It can take bravery to try to find out the answers to questions you or your family may have. Why do some women wear headscarves? Why are black people ‘still’ so angry about slavery? (Yes, my mind explodes at this one, but this is a very common thing to hear in America.) Why do people want to emigrate to new countries, and what is that like for them? 

Do the work. Do a bit of research. Have uncomfortable conversations about inherent racism, about privilege, with your friends and family. Try to imagine what it might be like to walk a mile in someone else’s shoes.

And please, stop erasing me.

We are all different and that has the potential to be such a strength. This world is full of colours and shapes and sizes and abilities and loves and stories.
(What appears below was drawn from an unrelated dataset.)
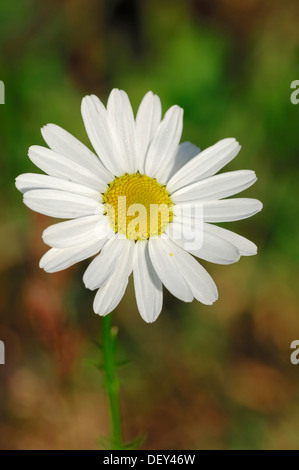 Ox-eye Daisy (Leucanthemum vulgare, Chrysanthemum leucanthemum), North Rhine-Westphalia Stock Photo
When you say we’re all the same, you are speaking from tremendous privilege and perhaps idealism, but you are not speaking the truth for all people. There are many rich subcultures all around us all, and what a shame it is if we miss the opportunity to learn more about them, to make friends with people unlike ourselves, to celebrate all these differences and how they enrich us all.

Minority people have spent years, decades, centuries carving out spaces to be proud of themselves, to not fall prey to shame and violence. When you say we don’t exist, when you say our experience isn’t valid, you are trying to wipe out the things that we have fought hard for, the things that make us special, the things that are a big part of who we are. If you want us all to be the same, to be a world without wonder and difference, I’d gently suggest that the way to do this isn’t to cover your eyes and pretend you don’t see us. We are here. We are ready and waiting for you. We want you to stand by us as allies, we want you to delight in our differences, we want to be acknowledged.

We are not all the same. And you know, that’s okay.